Provided data:
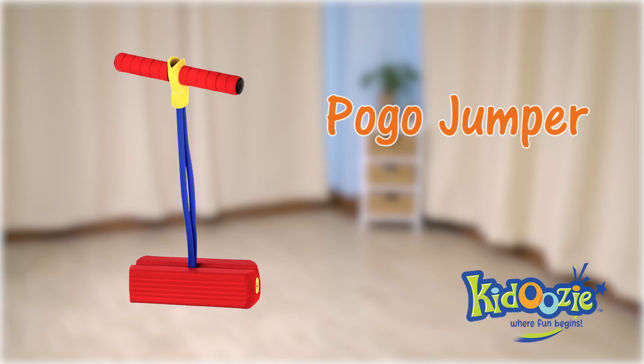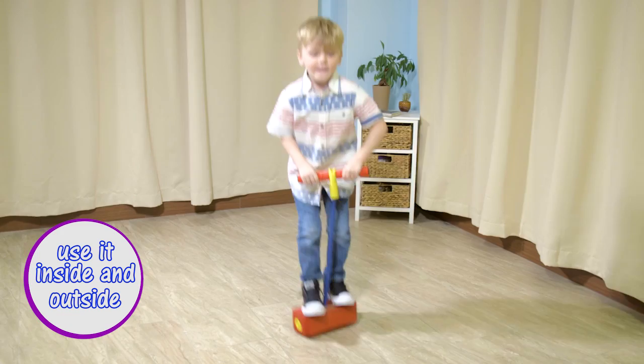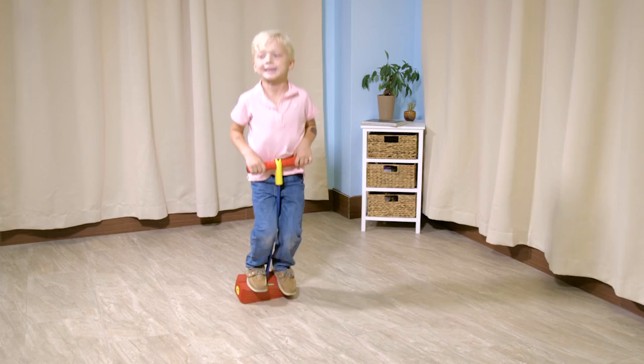The Caduzzi Pogo Jumper is fun for all ages. It's made from soft, durable foam and squeaks with every hop. It's great for indoor and outdoor play. The bungee stretches to accommodate children as well as adults.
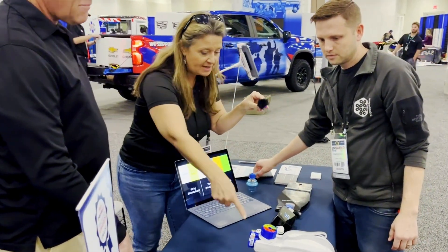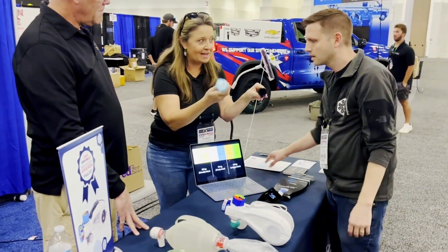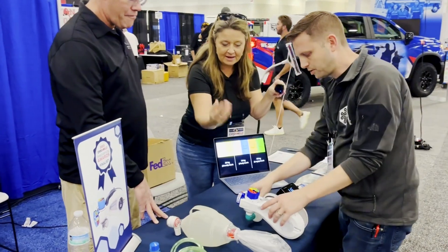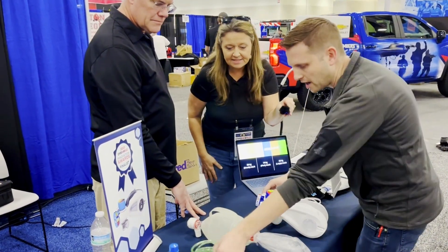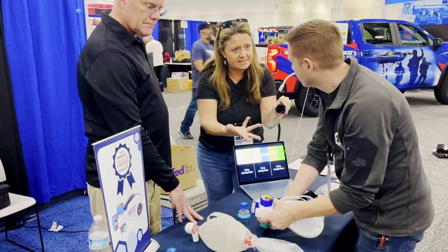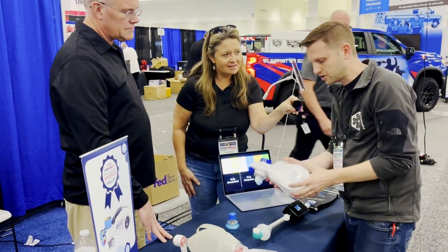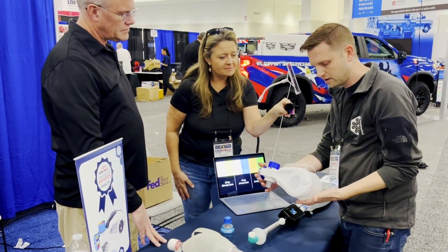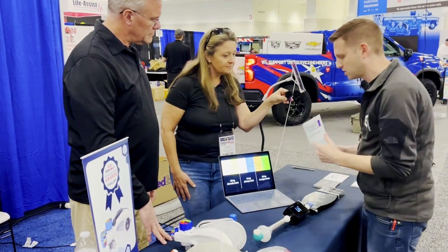Every single mask works with this — all the masks are compatible. In our lab, we were playing with adding PEEP using a standard PEEP valve, nothing fancy. Oxygen tubing goes in here, and the reservoir is interesting — it's built in internally. Because the valve opens more slowly, we don't need a reservoir hanging off the back.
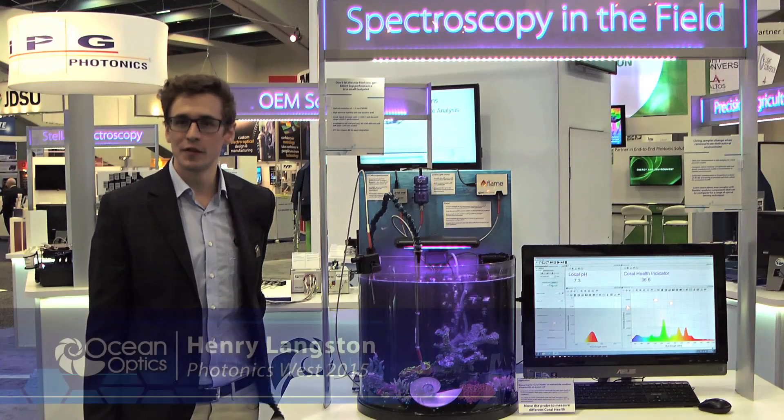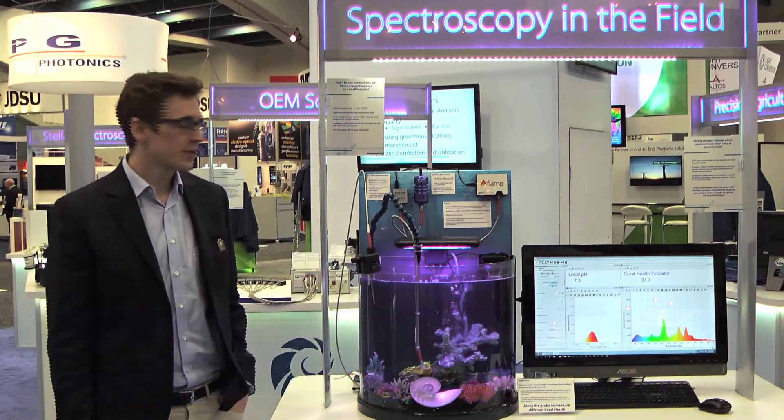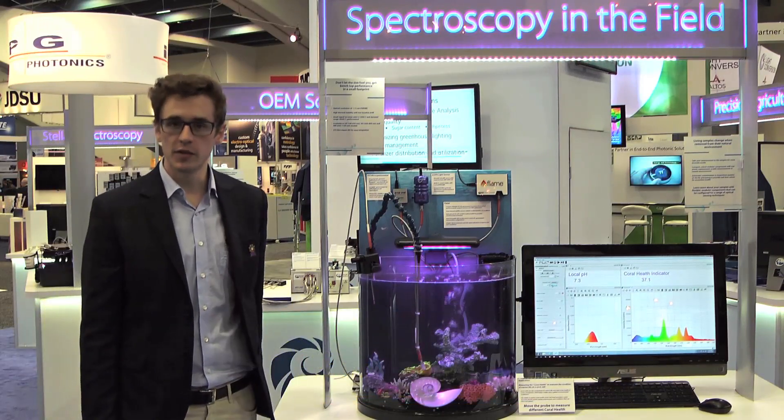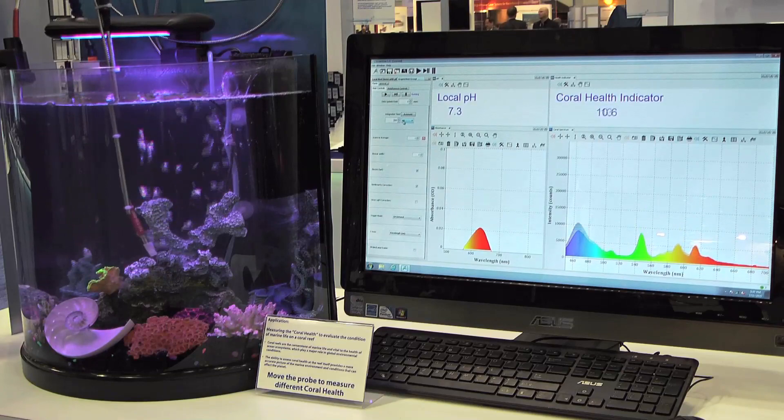Welcome to Photonics West 2015. Here we're showing spectroscopy in the field. OceanOptics was founded on taking spectroscopy to the sample, and today we're showing the first ever application that OceanOptics equipment did by measuring the pH of the water in this aquarium.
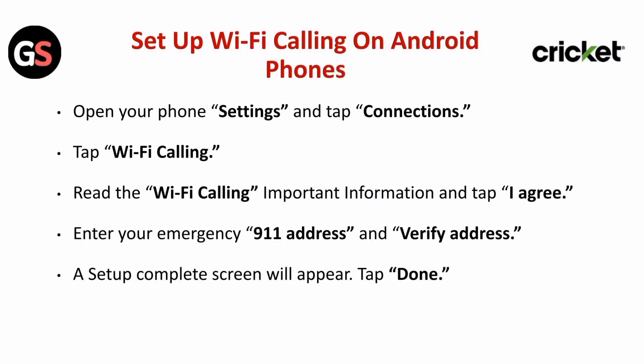To set up Wi-Fi calling on Android phones: open your phone Settings and tap Connections, then tap Wi-Fi Calling. Read the Wi-Fi calling important information and tap I Agree. Enter your emergency 911 address and verify the address. A Set Up Complete screen will appear — tap Done.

About this task: Please repeat the listing precisely, excluding the pictures it contains.

Answer to this task:
The Caduzzi Pogo Jumper is fun for all ages. It's made from soft, durable foam and squeaks with every hop. It's great for indoor and outdoor play. The bungee stretches to accommodate children as well as adults.
Every single mask works with this — all the masks are compatible. In our lab, we were playing with adding PEEP using a standard PEEP valve, nothing fancy. Oxygen tubing goes in here, and the reservoir is interesting — it's built in internally. Because the valve opens more slowly, we don't need a reservoir hanging off the back.
Welcome to Photonics West 2015. Here we're showing spectroscopy in the field. OceanOptics was founded on taking spectroscopy to the sample, and today we're showing the first ever application that OceanOptics equipment did by measuring the pH of the water in this aquarium.
To set up Wi-Fi calling on Android phones: open your phone Settings and tap Connections, then tap Wi-Fi Calling. Read the Wi-Fi calling important information and tap I Agree. Enter your emergency 911 address and verify the address. A Set Up Complete screen will appear — tap Done.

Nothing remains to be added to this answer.